Chairperson of the Policing Authority Josephine Feehily was in front of the Oireachtas Justice Committee this morning.

jf1 Josephine Feehily

THE CHAIR OF the Policing Authority says the body is as yet unsure if delays in Garda compliance regarding probes into recent controversies are down to simple non-compliance or a lack of ability at management level to respond appropriately.

Appearing in front of the Oireachtas Justice Committee, Authority head Josephine Feehily clarified that the role of the authority, which has previously faced accusations of toothlessness, is to “enhance policing performance”.

“It’s not a game of gotcha,” she said.

Today’s meeting was expected to deal with a number of recent controversies, including the breath test scandal, issues surrounding Garda homicide statistics, and the standard of Garda child protection procedures, not to mention the recent retirement of Commissioner Nóirín O’Sullivan and the need to appoint her replacement.

From the start, Feehily made it clear that dealing with the ongoing financial issues surrounding the Garda College in Templemore is not covered by the Policing Authority’s remit.

The Authority itself was first established to act as an independent overseer to An Garda Síochána in January 2016.

Today’s meeting was held in the light of a letter being sent by chairperson of the Commission on the Future of Policing in Ireland Kathleen O’Toole to Minister for Justice Charlie Flanagan recommending that no Commissioner be appointed until that Commission has completed its work as ‘no credible candidate’ would be willing to apply at present.

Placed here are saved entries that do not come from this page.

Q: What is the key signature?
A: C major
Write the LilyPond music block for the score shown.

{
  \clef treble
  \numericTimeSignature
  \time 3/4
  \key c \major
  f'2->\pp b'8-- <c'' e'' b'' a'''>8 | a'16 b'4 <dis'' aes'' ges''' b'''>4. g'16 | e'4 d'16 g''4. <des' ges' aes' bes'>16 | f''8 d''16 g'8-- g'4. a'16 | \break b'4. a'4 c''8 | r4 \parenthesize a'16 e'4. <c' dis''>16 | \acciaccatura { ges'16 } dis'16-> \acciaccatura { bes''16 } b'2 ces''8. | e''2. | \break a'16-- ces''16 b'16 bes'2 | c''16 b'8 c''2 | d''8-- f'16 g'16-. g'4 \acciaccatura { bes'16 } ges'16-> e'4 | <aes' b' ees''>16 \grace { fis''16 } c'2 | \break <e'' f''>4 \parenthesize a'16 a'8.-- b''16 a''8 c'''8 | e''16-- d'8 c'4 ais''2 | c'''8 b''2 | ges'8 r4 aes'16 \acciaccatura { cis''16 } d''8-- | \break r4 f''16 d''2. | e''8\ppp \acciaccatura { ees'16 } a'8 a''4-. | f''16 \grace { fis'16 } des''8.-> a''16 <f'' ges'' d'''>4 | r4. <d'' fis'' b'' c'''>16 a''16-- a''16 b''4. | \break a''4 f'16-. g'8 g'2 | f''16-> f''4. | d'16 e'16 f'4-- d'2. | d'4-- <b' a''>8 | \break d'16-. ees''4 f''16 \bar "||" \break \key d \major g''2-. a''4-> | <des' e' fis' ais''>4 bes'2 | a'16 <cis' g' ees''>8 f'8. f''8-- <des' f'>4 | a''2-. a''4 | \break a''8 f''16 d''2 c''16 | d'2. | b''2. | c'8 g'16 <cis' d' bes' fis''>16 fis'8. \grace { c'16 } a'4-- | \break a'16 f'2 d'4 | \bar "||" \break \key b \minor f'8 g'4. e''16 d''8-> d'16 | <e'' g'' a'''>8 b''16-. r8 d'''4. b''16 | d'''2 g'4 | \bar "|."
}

Feehily said, when questioned on that letter, that the Authority would be replying as to its implications in the coming days.

Speaking regarding project management within An Garda Síochána, Feehily said that there is no such management per se, but rather the force operates under a system of milestones:

When a milestone is reached the milestone is completed – there is no particular strategy.

Regarding the breath test scandal, which saw nearly 1.5 million reports of completed breath tests being falsely recorded by the gardaí, Feehily said that the Authority will have its own report “in a couple of weeks”.

“We had hoped to have it sooner but we first had to assess Assistant Commissioner O’Sullivan’s report, which itself was delayed,” she said.

There doesn’t seem to be any understanding of the importance of data to policy making.

“Mandatory breath testing was introduced as a policy. Keeping statistics isn’t about breath tests, it’s about monitoring the rate of compliance, and with tests inflated to such an extent it completely distorts that rate of compliance.”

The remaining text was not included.